## WHAT TO PRODUCE
Find the word "Beach" in the listing below. Copy every line that has it.

## EXERCISE MATERIAL

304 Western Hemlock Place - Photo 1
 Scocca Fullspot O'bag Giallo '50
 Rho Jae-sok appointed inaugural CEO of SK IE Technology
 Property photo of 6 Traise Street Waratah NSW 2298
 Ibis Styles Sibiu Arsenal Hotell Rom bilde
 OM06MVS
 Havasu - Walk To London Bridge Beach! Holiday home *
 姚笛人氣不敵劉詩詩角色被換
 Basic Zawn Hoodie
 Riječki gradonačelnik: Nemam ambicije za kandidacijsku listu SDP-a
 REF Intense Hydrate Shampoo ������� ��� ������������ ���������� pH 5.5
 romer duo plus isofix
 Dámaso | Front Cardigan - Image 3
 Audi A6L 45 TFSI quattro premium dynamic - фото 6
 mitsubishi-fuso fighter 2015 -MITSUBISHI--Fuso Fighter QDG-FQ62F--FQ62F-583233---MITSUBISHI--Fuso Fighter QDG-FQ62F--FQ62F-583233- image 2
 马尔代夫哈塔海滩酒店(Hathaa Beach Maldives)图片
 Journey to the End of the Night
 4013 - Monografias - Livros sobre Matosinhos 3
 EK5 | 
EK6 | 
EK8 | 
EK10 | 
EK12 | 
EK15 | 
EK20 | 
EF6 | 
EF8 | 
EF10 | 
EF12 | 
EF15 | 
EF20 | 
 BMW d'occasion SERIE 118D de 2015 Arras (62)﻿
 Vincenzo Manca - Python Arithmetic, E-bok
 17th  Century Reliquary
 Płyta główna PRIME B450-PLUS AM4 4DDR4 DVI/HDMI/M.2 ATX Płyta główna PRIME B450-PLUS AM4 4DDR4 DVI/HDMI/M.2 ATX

## RESULT OF THIS TASK
 Havasu - Walk To London Bridge Beach! Holiday home *
 马尔代夫哈塔海滩酒店(Hathaa Beach Maldives)图片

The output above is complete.